It’s not a school day…
My youngest son’s favorite whine/cry/scream when he doesn’t want to go to school.. “But it’s not a school day!”
Yes, actually it is.
The problem with having kids is that I have a good memory. I remember what *I* used to think as a kid.
I’m also grown-up enough to know how incredibly wrong I was as a kid.
Bottom line – school is a necessity… I didn’t think so when I was a kid, I dropped out of high-school after failing out of my second Freshman year, not because I couldn’t do the work, but because I didn’t want to. (I got an A in every class I attended, I just usually only attended 1 out of 5 of them.)
But school SHOULD be fun. Maybe the problem is that every idiotic standardized test, designed to rob schools of funding based on some arbitrary measure of how good they are doing as a school, ends up becoming the curriculum. “Teaching to the test” they call it. They’ve forgotten that part of “school” is to teach kids to THINK, and to LEARN, and to LOVE LEARNING.
I was lucky. When i was a kid I had a talent for working with computers, even back then. When I was 14 and minimum wage was $3.25 an hour, I had summer jobs paying $10-$12 an hour (cash because I was too young to work back then) Even though I had some rough spots I’ve been consistently employed now since 1994, through two recessions, never more than two weeks between jobs, and all without a college degree.
My son, 14, whose grades I usually rave about, has no such talent. He thinks that playing Call of Duty somehow is going to qualify him for a job, not realizing that those skills don’t exactly transfer over to the real world – Special Ops commando’s don’t get issued half-pound bags of Twizzlers and Monster Energy Drinks before every mission.
He’s brilliantly smart, but also exceptionally lazy.
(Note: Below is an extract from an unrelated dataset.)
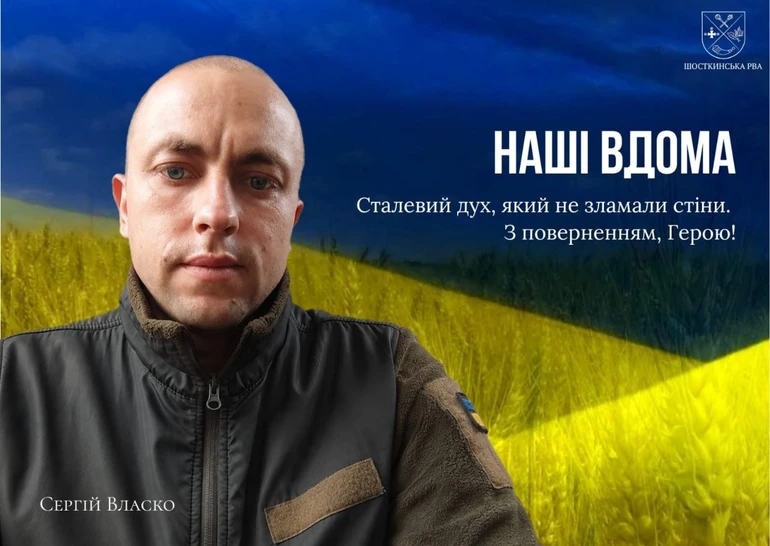 Сергій Власенко повернувся з полону РФ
If we let him he’d stay in bed until noon, come down and raid the fridge, then go downstairs and plug into the playstation for the remainder of the day. (Actually if he had his way he’d have a fridge and a PS3 in his room and we’d never see him.)
So how do you convince a kid that that D in math *IS* in fact a big deal, and that this is HIGH SCHOOL, where from here on out everything counts.
You can continue to hold things over his head. You can continue to threaten, beg, cajole, ask nicely, scream, etc.
But that just gets them doing it in SPITE of what they want to do. My question is, how do you get them to WANT to do it. I know it’s possible, I’ve met kids before who are excited about school, for whom learning is something they really enjoy.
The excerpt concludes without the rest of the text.